Today was hard for us. The house is a mess…we can’t seem to keep on top of all of it. We are trying so hard to spend our time with the kids 100% when they are awake. And when they are asleep we are prepping for the next day or trying to catch up with emails and for me…this site. It helps me to “talk” to everybody and nobody all at once. Both of us were feeling so full and
like we weren’t making a dent in what we needed to get done…and it sucked. It just wasn’t a happy few hours after field trips and picnics. I thought when this started we would be such better parents…we wouldn’t yell or get frustrated…we wouldn’t worry about toys being all over the house and certainly wouldn’t let crying and whining get to us. But today wasn’t like that.. today was all wrong…and it just sucked. But we pulled it together Tony and I hugged for quite a while and got in the car (right at the time we were supposed to be there) and headed to my sisters in San Jose.

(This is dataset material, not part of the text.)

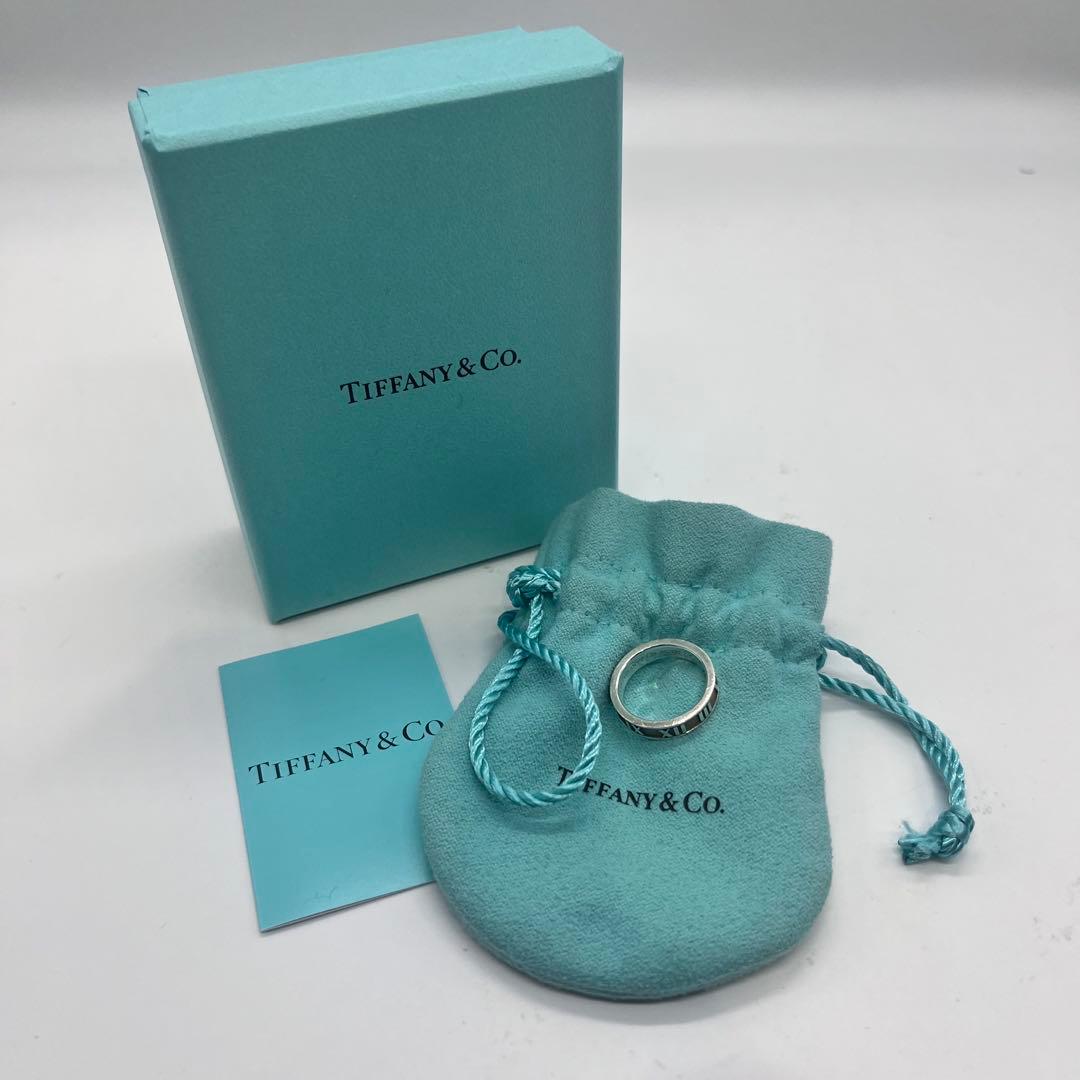 ティファニー アトラスリング 10号 シルバー 925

What a great night. It’s so easy to forget she is sick because she pretty much looks fine. But she’s not…I notice the turn in her head to be able to see and it reminds me that something is hurting our little girl and I can’t stop it. All the kids had fun and good manners as we walked door to door. I enjoyed just getting to watch her enjoy the night. My nephews and little brother were in charge of our boys so I could focus more on JLK. Back at my sisters all the kids dump out their bags. Jennifer had taken a spill and Tony took her back a little before the rest of us got back. She was sitting with her bag dumbed putting all her candy into piles…Not ones like everybody else though. A good candy and bad candy pile. I was so proud of her for taking charge of her own health and not complaining about it. Just doing it. I thought celiacs was so hard! Some of the bigger kids were going out again and to look at the haunted house. JLK wanted to go and my sister in law said she could keep Charlotte. I so rarely get moments with Jennifer without Charlotte so this was well appreciated. By Jennifer too. I carried her most of the time. Uncles and cousins offered to carry her but she just wanted me…and oh how I loved it. Feeling her arms and legs wrapped around me…my arms burned…I wanted to put her down but I thought if I carry her and just push through this pain maybe God will see how desperately I want her with me. That I will do anything to keep her with me. I know it doesn’t work that way…but it’s what I thought. She was singing silly songs and laughing and joking around. Then she would hop down and go with her cousin to look at the decorations…always running back into my arms. I didn’t have a camera to record any of it…which for this moment was perfect since I just got to be in the moment. Cold and dark night but hugging and laughter….Memories…My memories I will keep with me of this day. And I hope all my children do the same. They remember the good times of today and forgive my failings… I will soon go to bed and walk away from the mess and disorder of the house to lay with her because that’s one thing that always feels right.